Remotely accessible shared modems had some amusing security flaws: "PC
Roulette" was a fun game you could play by connecting to a modem in some city
and typing "A/" to redial the last number it called, to discover all kinds of
weird random BBSs, Unix boxes, FidoNet nodes, and other services.

[https://en.wikipedia.org/wiki/Hayes_command_set#The_basic_Ha...](https://en.wikipedia.org/wiki/Hayes_command_set#The_basic_Hayes_command_set)

>In the late 1980s, Telenet offered a service called PC Pursuit. For a flat
monthly fee, customers could dial into the Telenet network in one city, then
dial out on the modems in another city to access bulletin board systems and
other services. PC Pursuit was popular among computer hobbyists because it
sidestepped long-distance charges. In this sense, PC Pursuit was similar to
the Internet.

[https://www.templetons.com/brad/nethist.html](https://www.templetons.com/brad/nethist.html)

>PC-Pursuit (Telnet) flat rate off-peak modem calls

[http://www.bbsdocumentary.com/library/CONCEPTS/SERVICES/PCPU...](http://www.bbsdocumentary.com/library/CONCEPTS/SERVICES/PCPURSUIT/)

>"Doing PCP all night can be legal. ;-)"

[http://www.bbsdocumentary.com/library/CONCEPTS/SERVICES/PCPU...](http://www.bbsdocumentary.com/library/CONCEPTS/SERVICES/PCPURSUIT/pcpnonew.txt)

>[Moderator's Note: There is an interesting history behind the whole thing.
Prior to about 1984 when PC Pursuit began operation, Telenet had their data
network going, which dates from sometime in the 1970's. Like the phone
network, it was busy all day and almost deserted all night. Telenet started PC
Pursuit as a way to make use of all the facilities sitting idle all night
long. I was one of the first half-dozen or so users to sign up for PC Pursuit
when it started operation back then. They used a clumsy, rather tedious call-
back system where you dialed in, entered your (authorized) call-back number,
disconnected and waited for their return call to put you on the network.
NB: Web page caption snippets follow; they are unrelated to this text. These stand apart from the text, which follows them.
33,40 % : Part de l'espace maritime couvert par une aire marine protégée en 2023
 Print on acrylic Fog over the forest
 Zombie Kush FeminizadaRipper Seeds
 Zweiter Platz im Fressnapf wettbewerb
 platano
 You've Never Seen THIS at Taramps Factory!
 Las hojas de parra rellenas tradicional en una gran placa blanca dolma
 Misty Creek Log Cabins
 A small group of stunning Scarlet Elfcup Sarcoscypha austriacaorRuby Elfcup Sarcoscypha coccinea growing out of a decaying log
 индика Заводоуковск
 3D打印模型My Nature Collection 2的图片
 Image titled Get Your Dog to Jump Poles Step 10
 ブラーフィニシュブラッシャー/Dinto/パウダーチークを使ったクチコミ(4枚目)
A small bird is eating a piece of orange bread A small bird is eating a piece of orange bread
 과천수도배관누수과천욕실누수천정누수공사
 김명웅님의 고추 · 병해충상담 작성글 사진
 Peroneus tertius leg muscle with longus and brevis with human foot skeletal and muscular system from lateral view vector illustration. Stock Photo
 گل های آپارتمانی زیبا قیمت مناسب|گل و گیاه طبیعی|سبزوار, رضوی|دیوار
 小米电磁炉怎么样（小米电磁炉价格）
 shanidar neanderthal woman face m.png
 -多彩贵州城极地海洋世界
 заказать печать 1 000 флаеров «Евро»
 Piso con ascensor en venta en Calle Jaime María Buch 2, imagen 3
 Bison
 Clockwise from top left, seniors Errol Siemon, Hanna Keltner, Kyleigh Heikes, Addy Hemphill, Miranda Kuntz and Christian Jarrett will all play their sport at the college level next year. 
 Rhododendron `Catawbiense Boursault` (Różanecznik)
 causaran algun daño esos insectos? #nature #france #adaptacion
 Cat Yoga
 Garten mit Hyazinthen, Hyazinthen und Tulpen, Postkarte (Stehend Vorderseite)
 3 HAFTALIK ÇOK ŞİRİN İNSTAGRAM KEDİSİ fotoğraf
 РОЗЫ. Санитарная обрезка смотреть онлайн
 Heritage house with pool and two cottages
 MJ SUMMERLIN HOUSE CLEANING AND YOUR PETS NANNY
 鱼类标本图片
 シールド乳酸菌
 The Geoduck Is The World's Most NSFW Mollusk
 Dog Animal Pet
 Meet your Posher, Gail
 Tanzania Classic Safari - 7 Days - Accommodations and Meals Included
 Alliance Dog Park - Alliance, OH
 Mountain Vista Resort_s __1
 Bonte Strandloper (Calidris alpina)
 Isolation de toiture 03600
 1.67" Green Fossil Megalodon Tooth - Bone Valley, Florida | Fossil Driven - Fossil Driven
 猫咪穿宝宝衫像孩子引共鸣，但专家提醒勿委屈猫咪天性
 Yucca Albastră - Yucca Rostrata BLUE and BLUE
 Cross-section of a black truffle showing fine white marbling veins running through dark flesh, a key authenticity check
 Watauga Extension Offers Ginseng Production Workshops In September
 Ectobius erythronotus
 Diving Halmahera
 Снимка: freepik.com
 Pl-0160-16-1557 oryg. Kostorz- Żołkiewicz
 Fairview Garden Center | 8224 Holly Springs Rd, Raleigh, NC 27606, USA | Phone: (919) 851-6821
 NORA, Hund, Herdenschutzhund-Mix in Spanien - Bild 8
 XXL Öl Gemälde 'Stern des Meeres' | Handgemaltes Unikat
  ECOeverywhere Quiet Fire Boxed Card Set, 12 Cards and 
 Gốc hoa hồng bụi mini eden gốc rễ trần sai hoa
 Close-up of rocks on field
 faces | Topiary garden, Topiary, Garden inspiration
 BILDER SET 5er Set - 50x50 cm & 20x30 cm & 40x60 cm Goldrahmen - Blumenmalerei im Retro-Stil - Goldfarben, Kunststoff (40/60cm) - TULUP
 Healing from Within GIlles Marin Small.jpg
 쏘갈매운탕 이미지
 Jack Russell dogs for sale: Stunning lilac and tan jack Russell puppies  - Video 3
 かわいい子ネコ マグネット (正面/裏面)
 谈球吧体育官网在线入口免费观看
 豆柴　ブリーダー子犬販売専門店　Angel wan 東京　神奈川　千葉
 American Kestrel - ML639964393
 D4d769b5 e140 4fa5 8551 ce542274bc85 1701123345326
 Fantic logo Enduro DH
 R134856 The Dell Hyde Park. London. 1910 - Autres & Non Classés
There
were about five cities we could call in the beginning, at 300/1200 baud only.
PC Pursuit was greatly improved upon as the years went by. For many years they
even offered _unlimited_ access between 6 PM and 7 AM for $25 per month. It
was such a good deal they eventually had to put limits on the amount of time
people could use the service each month without extra payment. I would not be
surprised if they are now swamped beyond their capacity to handle the traffic.
PAT]

[http://www.bbsdocumentary.com/library/CONCEPTS/SERVICES/PCPU...](http://www.bbsdocumentary.com/library/CONCEPTS/SERVICES/PCPURSUIT/hackpcp.htm)

>The PASSWORDS are varied. They are initially registered to the user in the
format of XXXXyyyy where XXXX are four letters and yyyy are four digits...

>NOW, your saving grace from people changing their passwords is that Telenet
charges $5.00 for each password change... So this helps...

What a great business model: charge customers $5 to change their password! Why
didn't I think of that???

------
russfink
WOW HEY ... ANYWUN REMBER BIFF AND HIS BROTHERS VIC 20?